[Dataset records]
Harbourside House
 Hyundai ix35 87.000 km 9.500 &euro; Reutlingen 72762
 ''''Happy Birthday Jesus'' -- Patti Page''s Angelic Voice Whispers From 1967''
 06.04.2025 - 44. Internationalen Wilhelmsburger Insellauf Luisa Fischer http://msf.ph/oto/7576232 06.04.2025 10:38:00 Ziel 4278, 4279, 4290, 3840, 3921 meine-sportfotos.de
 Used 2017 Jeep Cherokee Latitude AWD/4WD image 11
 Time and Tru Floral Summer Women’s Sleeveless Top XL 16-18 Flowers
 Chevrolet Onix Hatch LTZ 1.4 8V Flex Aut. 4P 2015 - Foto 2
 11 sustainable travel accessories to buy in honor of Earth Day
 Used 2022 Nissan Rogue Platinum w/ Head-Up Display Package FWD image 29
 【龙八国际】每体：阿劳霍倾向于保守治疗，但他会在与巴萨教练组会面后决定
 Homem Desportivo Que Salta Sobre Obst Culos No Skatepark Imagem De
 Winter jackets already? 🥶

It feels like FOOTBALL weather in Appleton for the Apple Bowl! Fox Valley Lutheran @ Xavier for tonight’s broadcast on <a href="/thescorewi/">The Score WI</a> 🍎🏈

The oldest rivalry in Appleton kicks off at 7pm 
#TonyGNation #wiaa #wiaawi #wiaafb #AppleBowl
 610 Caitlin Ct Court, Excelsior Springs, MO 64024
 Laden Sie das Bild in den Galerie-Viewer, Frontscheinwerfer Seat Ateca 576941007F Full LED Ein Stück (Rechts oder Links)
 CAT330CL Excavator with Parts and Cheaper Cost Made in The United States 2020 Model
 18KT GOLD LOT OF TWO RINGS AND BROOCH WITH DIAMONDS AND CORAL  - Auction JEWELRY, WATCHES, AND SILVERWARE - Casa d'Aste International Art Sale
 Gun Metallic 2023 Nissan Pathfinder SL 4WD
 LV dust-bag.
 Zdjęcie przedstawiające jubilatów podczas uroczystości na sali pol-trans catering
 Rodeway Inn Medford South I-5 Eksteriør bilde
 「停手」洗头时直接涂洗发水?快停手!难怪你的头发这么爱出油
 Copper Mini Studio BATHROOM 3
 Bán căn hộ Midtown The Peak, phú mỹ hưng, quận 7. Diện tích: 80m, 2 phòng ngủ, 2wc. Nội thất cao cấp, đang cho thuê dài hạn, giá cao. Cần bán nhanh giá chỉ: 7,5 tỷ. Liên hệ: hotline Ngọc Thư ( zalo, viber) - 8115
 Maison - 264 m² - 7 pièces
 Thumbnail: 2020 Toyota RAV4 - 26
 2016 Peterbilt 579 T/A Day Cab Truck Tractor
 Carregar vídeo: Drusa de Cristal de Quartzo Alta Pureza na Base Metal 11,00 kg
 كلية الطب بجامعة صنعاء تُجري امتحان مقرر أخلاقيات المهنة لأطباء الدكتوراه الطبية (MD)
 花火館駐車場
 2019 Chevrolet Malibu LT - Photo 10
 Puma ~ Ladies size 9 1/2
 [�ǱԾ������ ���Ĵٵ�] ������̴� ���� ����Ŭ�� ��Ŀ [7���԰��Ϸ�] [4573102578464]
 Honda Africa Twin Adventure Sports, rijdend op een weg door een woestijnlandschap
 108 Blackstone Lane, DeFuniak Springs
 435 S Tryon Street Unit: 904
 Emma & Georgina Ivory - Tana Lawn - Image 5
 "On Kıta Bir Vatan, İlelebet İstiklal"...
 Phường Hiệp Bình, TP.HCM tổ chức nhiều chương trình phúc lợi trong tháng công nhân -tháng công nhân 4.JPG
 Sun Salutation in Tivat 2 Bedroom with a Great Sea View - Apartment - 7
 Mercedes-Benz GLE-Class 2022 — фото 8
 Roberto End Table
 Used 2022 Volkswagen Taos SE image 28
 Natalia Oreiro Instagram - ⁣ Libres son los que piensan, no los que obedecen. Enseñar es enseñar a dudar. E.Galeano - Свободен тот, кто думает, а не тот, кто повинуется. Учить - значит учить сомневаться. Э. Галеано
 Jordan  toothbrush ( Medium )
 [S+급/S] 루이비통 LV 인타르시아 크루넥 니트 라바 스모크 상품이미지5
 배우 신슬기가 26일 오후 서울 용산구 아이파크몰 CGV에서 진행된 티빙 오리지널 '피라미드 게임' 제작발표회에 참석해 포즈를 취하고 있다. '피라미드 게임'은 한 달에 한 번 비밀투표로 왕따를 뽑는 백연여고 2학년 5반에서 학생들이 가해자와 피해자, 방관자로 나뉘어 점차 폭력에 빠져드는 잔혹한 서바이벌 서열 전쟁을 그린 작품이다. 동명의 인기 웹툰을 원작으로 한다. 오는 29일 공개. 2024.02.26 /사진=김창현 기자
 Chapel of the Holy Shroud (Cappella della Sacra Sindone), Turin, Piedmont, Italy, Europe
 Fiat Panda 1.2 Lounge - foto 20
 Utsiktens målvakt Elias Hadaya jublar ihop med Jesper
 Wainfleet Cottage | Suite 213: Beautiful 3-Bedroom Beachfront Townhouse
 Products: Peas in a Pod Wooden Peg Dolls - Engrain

- INSTRUCTIONS TO FOLLOW
For each line in the records that contains the word "Appleton", make a copy.

- ANSWER
It feels like FOOTBALL weather in Appleton for the Apple Bowl! Fox Valley Lutheran @ Xavier for tonight’s broadcast on <a href="/thescorewi/">The Score WI</a> 🍎🏈
The oldest rivalry in Appleton kicks off at 7pm 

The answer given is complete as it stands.